伝統的な建具と一口に言っても、その種類は多様です。箱根関所では、大番所・上番休息所の板戸や障子戸、馬屋の大戸、京口御門の大扉などがあがります。
箱根関所には『相州箱根御関所御修復出来形帳』といわれる非常に詳細な記録が残っており、これに基づいて箱根関所の建具の寸法や使用材料が昔のままでバッチリ復元されています。箱根関所で復元されたこれらの伝統的な建具の仕組みについてお話しします。
箱根関所の象徴的な建具といえば、まず京口御門、江戸口御門の大きな扉が思い浮かびます。通行する旅人を威圧するかのような大きな扉はたいへん頑丈に作られているのが特徴で、現代住宅の柱に匹敵する太さの縦格子(中子=なかこ)が10本も組み込まれた念の入りようは、江戸城の清水門(国指定重要文化財)とよく似た構造です。
また、箱根関所の多くの建具が杉や松などの木材を使用しているのに対して、御門の扉は大半が栂(つが)材を使用しています。栂材は大番所では鴨居や長押(なげし)、床框(とこかまち)など目につく部分の化粧材に使用されていますから、やはり御門の扉で栂が使用されているのは特別な意味が込められているのかもしれません。

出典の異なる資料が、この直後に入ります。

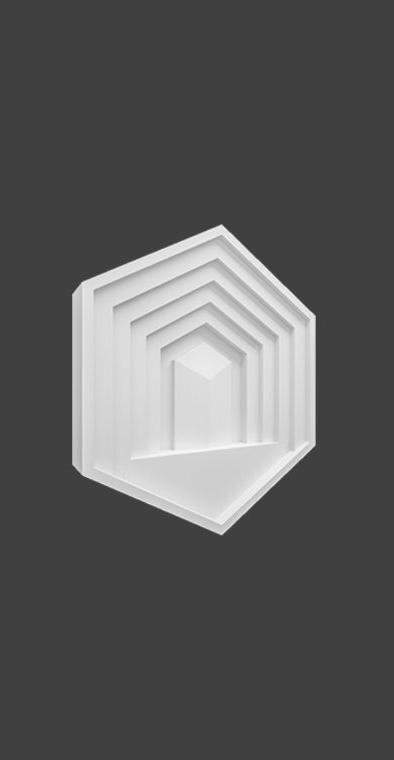 Гипсовая 3D Панель HEXAGON TEMPLE Гипсовая 3D Панель HEXAGON TEMPLE в Тюмени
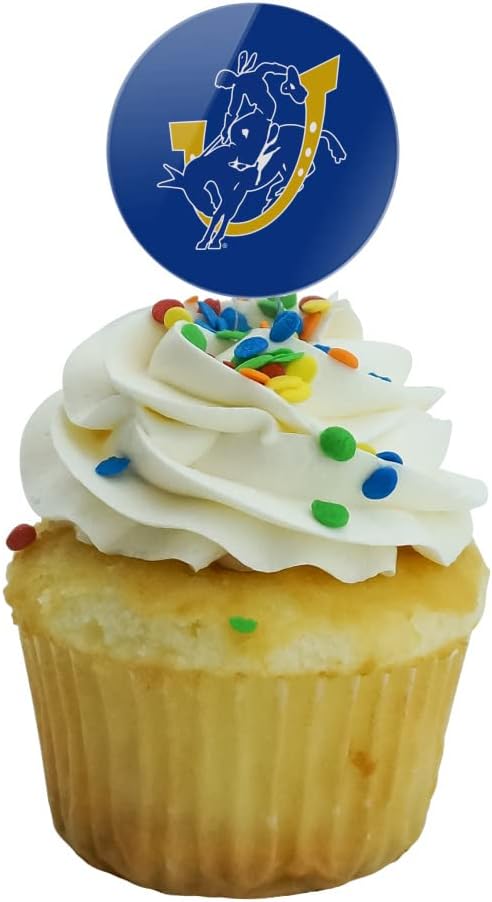 Southern Arkansas University Primary Logo Cupcake Picks Toppers Decoration Set of 6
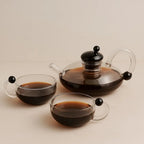 Borosilicate Glass Teapot Set | Tea Pot and Cup Set with Semi-Automatic Filtration, Eco-Friendly & Perfect for Afternoon Tea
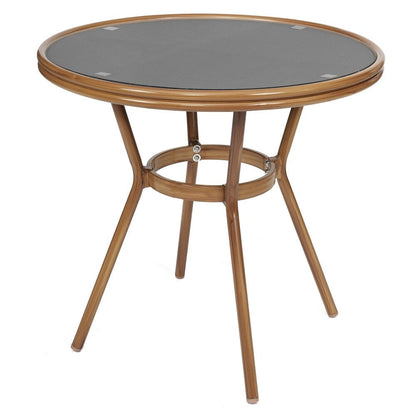 Indoor/Outdoor Commercial Bistro Set with Table and Two Chairs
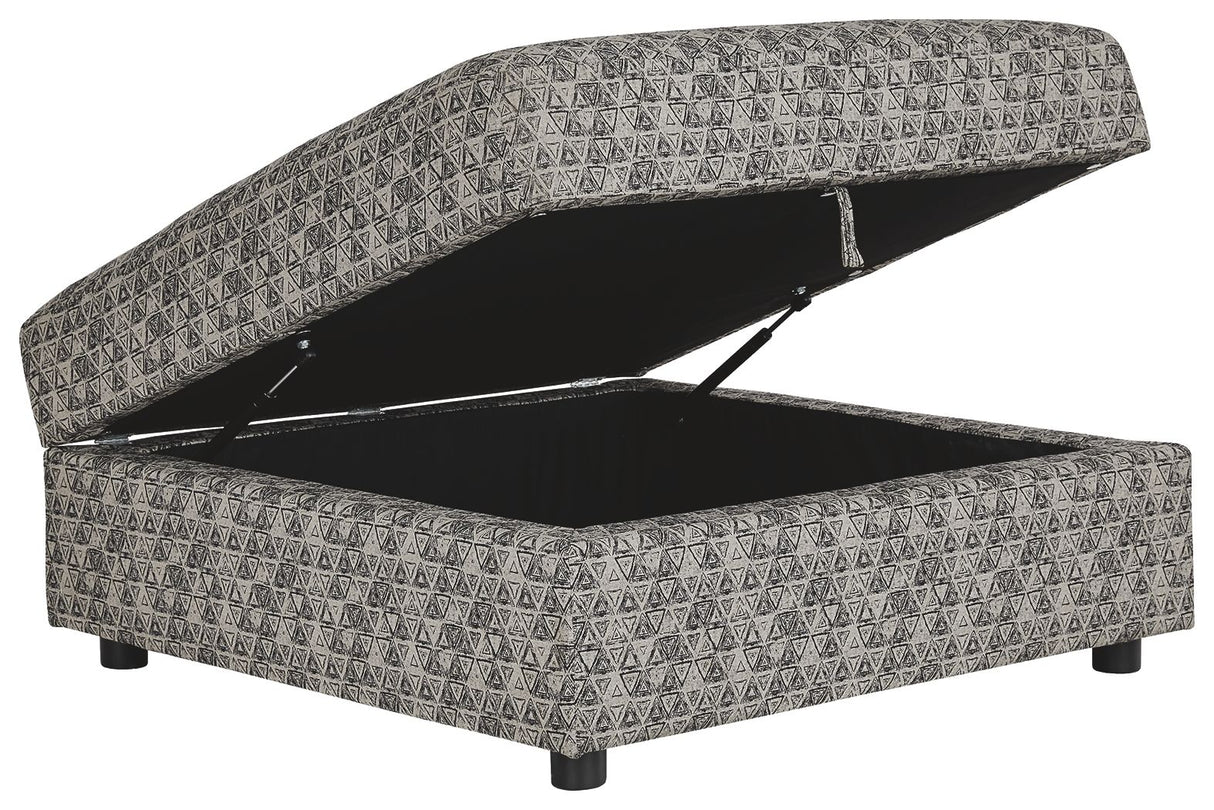 Kellway - Ottoman With Storage - Bisque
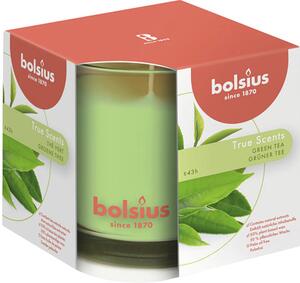 Lumânare parfumată Bolsius pahar mare ceai verde durată de ardere 43 h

大きな門の扉ですから、取り付け作業もさぞおおらかと思われますが、取付作業は大きさに似合わずシビアです。クレーンで吊り上げた扉を柱に吊り込むのですが、ミリ単位で定められた取付位置に向けて大勢の人々が建具を抱えている施工の現場は、現代でありながら遠い江戸時代の施工の様子をほうふつとさせるものでした。